Sisi & ich Gunnar Landsgesell · Mär 2023 · Film

Kaiserin Elisabeth, diesmal aus einer etwas anderen Perspektive: Regisseurin Frauke Finsterwalder verweigert ein klassisches Porträt und erzählt im Stil einer sanft verträumten, dann wieder überdrehten Hippie-Satire von der Beziehung Sisis (Susanne Wolff) zu ihrer Hofdame Irma (Sandra Hüller). Eine Freundschaft gerät hier zu einem bemerkenswerten Befreiungsakt.

Noch einmal wird Sisi zur Projektionsfläche zwischen weiblichen Zurichtungen und akuten Befreiungsversuchen. Aber so weit wie Regisseurin Frauke Finsterwalder („Finsterworld“, 2012) ist noch keine Verfilmung über die mythenbeladene Kaiserin gegangen. Sisi (Susanne Wolff) residiert nicht mehr am Wiener Hof, sondern lässt sich zwischen Griechenland und dem Maghreb durch das Leben treiben. An ihrer Seite die Hofdame Irma (Sandra Hüller), die sie eben zur neuen Gefährtin erkoren hat. Irma steht noch ganz im Eindruck des strengen Regiments ihrer Mutter. Nun gerät sie zunehmend in den Bann einer Frau, die ihre Launen so selbstsicher wie eine Kaiserin auslebt, zugleich aber mit ihrer Spontanität und unorthodoxen Offenheit einen besondere Faszination entfaltet. Genau an dieser titelgebenden Beziehung setzt „Sisi & ich“ an und erforscht die Beziehung der beiden Frauen, die bald die Grenze zwischen Aristokratie und Bürgerlichkeit überwindet. Im Fokus steht dabei weniger Sisi als ihre Gefährtin Irma, und wie diese ihre neu gewonnenen Spielräume nutzt. Reagiert sie zu Beginn noch defensiv auf die diversen Launen der Infantin, mit der diese ihre Umwelt traktiert, so gewinnt Irma mit der wachsenden Vertrautheit der beiden ein neues, ungeahntes Selbstbewusstsein, das sie auch ihrer gestrengen Mutter entfremdet.

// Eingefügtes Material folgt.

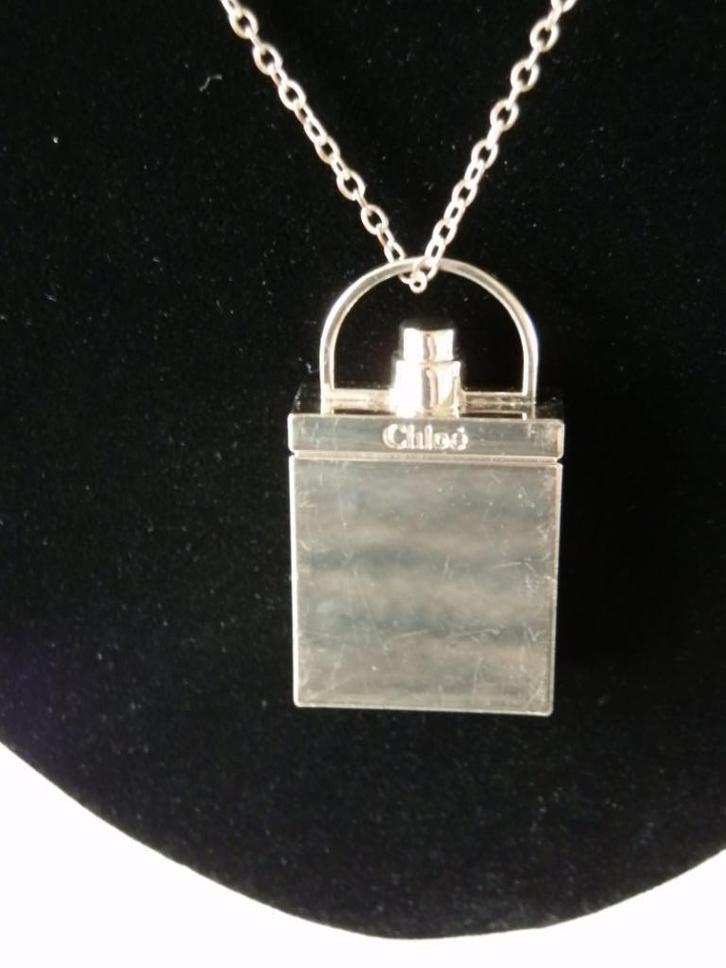 Chloé hanger met ketting. Chloe., Sieraden, Tassen en Uiterlijk, Kettinghangers, Zo goed als nieuw, Overige materialen, Goud, Overige voorstellingen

Sisi als Quelle der Veränderung

Von transgressiven Spielchen bis zur frivolen Anzüglichkeit und ersten Drogenerfahrungen durchwandert Finsterwalder episodisch die Bewusstseins- und Handlungsräume ihrer zwei Protagonistinnen. Männer, wie etwa beim kurzen Auftritt von Georg Friedrich als abgefeimtem Cousin, oder dem des frustrierten, abgehängten Kaisers (Markus Schleinzer) spielen in „Sisi & ich“ ganz bewusst keine besondere Rolle. Was an dieser Verfilmung erstaunt, ist die Sicherheit, mit der Finsterwalder erzählerische Konventionen überschreitet. Mit rezenter Popmusik und einem freizügigen Umgang mit historischen Kostümen befreit Finsterwalder sich selbst von falschem historischen Pathos. Mit Dialogen, die gemeinsam mit ihrem Mann, dem Autor Christian Kracht, entwickelt wurden, verliert sie nie den Kontakt zwischen ihren beiden Figuren und damit auch nicht jenen zum Publikum. Fresh fühlt sich das alles an, und gewieft, mit einem guten Maß an Sarkasmus und ehrlicher Zuwendung zum Menschen. Dabei glaubt man zu Beginn, es mit einem Film zu tun zu haben, der vor allem durch die Launen Sisis angetrieben wird und eigentlich ziellos dahin mäandert. Wie zielgerichtet diese Erzählung tatsächlich einem Thema – der Selbstbefreiung zweier Frauen in einem eigenen Mikrokosmos – gewidmet ist, zeichnet sich erst etwas später ab. Da hat einen der eigentümliche Groove dieser Inszenierung schon für sich eingenommen. „Sisi & ich“ ist im besten Sinn eine Erweiterung des Bildes der Infantin als kaiserliche Rebellin und zugerichtetes Subjekt in Richtung einer handlungs- und vor allem wirkmächtigen Figur, die Veränderung in ihrem unmittelbaren Umfeld triggert. Sandra Hüller füllt diese ihr zugedachte Rolle einmal mehr auf wunderbare Weise aus.